The absence of religious intellect in the church, Faggioli argues, is related to clericalism. He talks about the problems of seminary education. It is pointed out that today's seminary education focuses on reinforced character education and psychological aspects as a preventive method against the sexual scandal of the clergy. This tendency can inevitably lead to neglect of intellectual education in theology and humanities. Faggioli diagnoses that the absence of strict intellectual training for clergy and the aging of high-ranking clergy are undermining the church's ability to accurately read the times and discern them through the eyes of faith.
 

Looking back on history, the intellect has not always played the right role within the times. It is not uncommon for intellect and knowledge to be reduced to empty knowledge because they are not connected with life. In the modern capitalist society, there are many cases where intellect and knowledge collide with power and capital and do not function as a proper social force. Moreover, in today's era, emotions and desires are more important than reason. So, paradoxically, it is an era in which reason is needed.
 
Aren't we witnessing the phenomena created by many in the present generation who are faithful to their emotions and desires? In politics, economy, society, and culture, reason seems to have disappeared and only emotions and desires remain. He wants to emphasize the role of intelligence (reason) again. The shining tradition of Catholicism has always considered faith and intellect (reason) as two axes.
 
The resurrection of the intellect does not mean the return of intellectualism. Intellectualism, which emphasizes the superiority of intelligence and knowledge, is nothing more than the arrogance of the intellectuals at one time. This is an era in which religious intelligence, not intellectual supremacy, is desperately needed. Faith includes reason, but intellect is always secondary. Faith and life come first. Knowledge comes from life. As an intellectual act, theology is a secondary work. Theology cannot precede faith, but theology is essential for proper faith. The absence of theology that can read and discern the signs of the times is evidence of the absence of religious intelligence in the church. In fact, isn't Catholic theology, by its very nature, the product of an effort to read tradition and the era at the same time? 
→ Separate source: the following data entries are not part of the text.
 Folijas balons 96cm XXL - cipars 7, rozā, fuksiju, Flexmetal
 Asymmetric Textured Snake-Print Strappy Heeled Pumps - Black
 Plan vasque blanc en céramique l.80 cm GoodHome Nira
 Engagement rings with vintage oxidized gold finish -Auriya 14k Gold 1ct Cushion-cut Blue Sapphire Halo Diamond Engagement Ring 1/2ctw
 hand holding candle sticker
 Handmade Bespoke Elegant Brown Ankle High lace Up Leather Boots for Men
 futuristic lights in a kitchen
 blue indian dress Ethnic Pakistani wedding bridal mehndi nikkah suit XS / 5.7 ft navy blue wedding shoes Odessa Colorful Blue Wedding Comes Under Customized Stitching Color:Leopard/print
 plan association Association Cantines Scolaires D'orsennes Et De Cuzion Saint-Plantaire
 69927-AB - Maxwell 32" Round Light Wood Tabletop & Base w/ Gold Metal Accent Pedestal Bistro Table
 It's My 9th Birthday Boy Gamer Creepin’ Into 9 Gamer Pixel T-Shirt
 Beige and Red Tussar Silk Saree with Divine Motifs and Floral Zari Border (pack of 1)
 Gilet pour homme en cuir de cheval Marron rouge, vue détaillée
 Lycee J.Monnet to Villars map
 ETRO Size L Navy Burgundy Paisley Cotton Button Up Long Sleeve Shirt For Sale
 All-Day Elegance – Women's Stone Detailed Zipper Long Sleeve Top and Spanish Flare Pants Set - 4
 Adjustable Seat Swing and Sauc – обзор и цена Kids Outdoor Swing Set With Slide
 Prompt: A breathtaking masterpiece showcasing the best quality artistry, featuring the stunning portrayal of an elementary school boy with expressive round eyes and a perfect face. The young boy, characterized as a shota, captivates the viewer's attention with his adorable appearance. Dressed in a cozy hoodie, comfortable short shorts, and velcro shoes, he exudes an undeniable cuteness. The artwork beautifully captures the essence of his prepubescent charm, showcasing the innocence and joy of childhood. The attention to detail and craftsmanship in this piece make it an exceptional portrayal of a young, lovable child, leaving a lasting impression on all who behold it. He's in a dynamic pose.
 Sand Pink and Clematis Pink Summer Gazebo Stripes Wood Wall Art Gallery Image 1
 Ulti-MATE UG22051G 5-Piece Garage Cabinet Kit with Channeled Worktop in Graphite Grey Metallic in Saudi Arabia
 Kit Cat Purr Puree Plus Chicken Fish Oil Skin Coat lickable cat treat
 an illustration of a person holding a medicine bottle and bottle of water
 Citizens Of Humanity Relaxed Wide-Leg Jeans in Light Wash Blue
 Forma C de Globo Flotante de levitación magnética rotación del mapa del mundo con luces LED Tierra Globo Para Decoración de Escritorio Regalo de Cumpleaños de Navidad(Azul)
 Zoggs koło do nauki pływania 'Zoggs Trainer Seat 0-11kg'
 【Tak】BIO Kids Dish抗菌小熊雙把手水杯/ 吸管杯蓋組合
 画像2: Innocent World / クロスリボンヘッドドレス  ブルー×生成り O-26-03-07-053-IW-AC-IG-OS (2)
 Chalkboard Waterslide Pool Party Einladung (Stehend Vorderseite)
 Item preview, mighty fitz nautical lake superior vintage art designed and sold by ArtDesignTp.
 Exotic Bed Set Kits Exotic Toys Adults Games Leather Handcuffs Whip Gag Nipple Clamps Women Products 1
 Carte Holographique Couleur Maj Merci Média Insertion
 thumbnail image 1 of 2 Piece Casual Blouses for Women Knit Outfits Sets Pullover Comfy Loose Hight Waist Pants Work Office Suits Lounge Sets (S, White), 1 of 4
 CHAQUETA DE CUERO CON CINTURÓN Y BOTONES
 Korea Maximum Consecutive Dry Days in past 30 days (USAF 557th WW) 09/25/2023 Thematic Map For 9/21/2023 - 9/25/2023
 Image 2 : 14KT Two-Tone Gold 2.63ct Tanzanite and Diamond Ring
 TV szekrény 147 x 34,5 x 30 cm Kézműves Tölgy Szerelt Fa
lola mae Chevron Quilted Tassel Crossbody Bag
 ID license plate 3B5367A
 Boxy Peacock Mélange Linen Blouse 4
The intellect to study is urgently required. In an era in which knowledge has been reduced simply to the acquisition of information, and study has been reduced to a means of realizing desires, isn't the ideal of Catholic faith that paradoxically emphasizes the unity and balance between intellect and faith more fascinating? When literacy is developed in a community, it becomes a community that can think and judge. A time when the religious intellect is desperately needed for listening, reading, and discerning.